The DN PAM10Alg2 hydrogel exhibits significantly improved extensibility compared to the single-network PAM10 hydrogel. While PAM10 has a tensile breaking strain \({\epsilon }_{f}\) of 0.36, the PAM10Alg2 hydrogel demonstrates approximately three times greater extensibility with \({\epsilon }_{f}\) of 1.0, as shown in Fig. 3c, d and by Supplementary Movie 1. Remarkably, although increasing the alginate concentration stiffens the corresponding DN hydrogels, \({\epsilon }_{f}\) remains nearly the same at 1 (solid lines in Fig. 3d and filled circles in Fig. 3e).

We attribute the observed enhancement in network extensibility to the characteristics of DN hydrogels. Upon deformation, the weak alginate network fractures first; this process effectively prevents localized and amplified stress along PAM network strands, thereby improving network extensibility. However, the network extensibility cannot exceed that afforded by the network strand of the PAM network. In theory, the maximum elongation at break, \({\lambda }_{\max }^{T}\), for a network strand equals the ratio between its initial size, \({a}_{x}\), and contour length, \({L}_{\max }\):

$${\lambda }_{\max }^{T}=\frac{{L}_{\max }}{{a}_{x}}$$
(10)

However, typical single-network hydrogels, which often have a wide distribution in network strand size, cannot reach this maximum extensibility. When subjected to deformation, the relatively short network strands would break first, resulting in extensibility lower than the prediction based on average network size \({a}_{x}\). By contrast, in a DN hydrogel, the weak network can undergo fracture to prevent localized, amplified stress near network defects or along network strands, and therefore, avoid premature failure of the strong network. Consequently, a DN hydrogel may reach the theoretical extensibility \({\lambda }_{\max }^{T}\)20,21.

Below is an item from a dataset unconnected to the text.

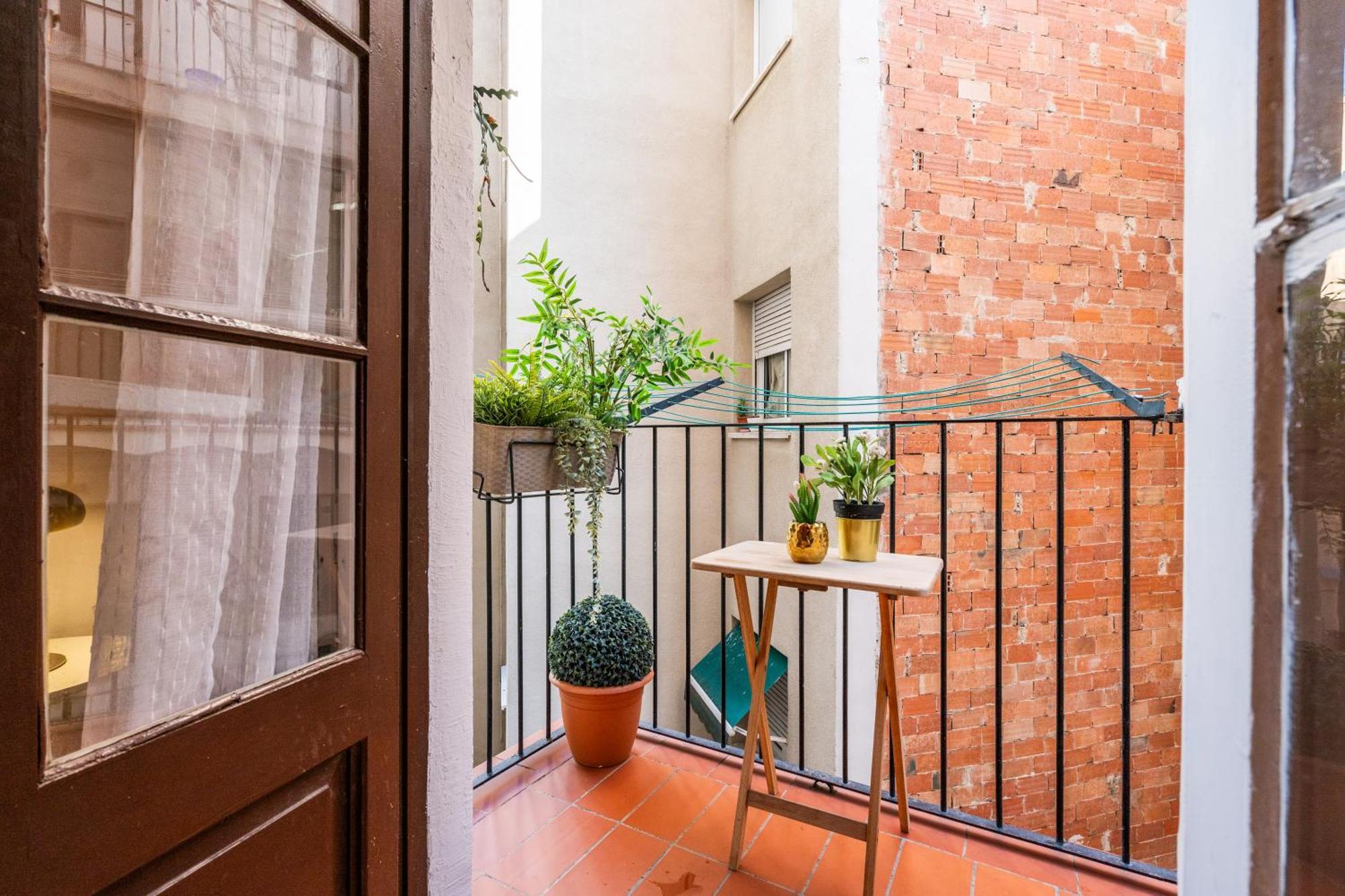Fridays Flats Whisper-Quiet Near Sagrada'S Heart Apartment Barcelona Ngoại thất bức ảnh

We develop a scaling theory to describe the dependence of network theoretical extensibility \({\lambda }_{\max }^{T}\) on network stiffness \(G\). In a DN PAM/alginate hydrogel, the PAM network has on average \({N}_{x}\) Kuhn monomers per network strand. In a good solvent, the end-to-end distance, or the size of the network strand, is a self-avoiding random walk of Kuhn monomers with size of \(b\):

$${a}_{x}\,\approx \,{b{N}_{x}}^{3/5}$$
(11)

Recall Eq. (10), the theoretical extensibility of the network is

$${\lambda }_{\max }^{T}\,\approx \,{{N}_{x}}^{2/5}$$
(12)

For an unentangled network, its shear modulus \(G\) is about \({k}_{B}T\) per volume pervaded by the network strand,

$$G\,\approx \,\frac{{k}_{B}T}{{a}_{x}^{3}}\,\approx \,\frac{{k}_{B}T}{{b}^{3}{N}_{x}^{9/5}}$$
(13)

Thus, one can correlate \({\lambda }_{\max }^{T}\) to the network stiffness \(G\),

$${\lambda }_{\max }^{T}\,\approx \,{({k}_{B}T/G)}^{2/9}{b}^{-2/3}\propto {G}^{-2/9}$$
(14)

Equation (14) predicts that extensibility of the DN hydrogel increases with the decrease of PAM hydrogel stiffness.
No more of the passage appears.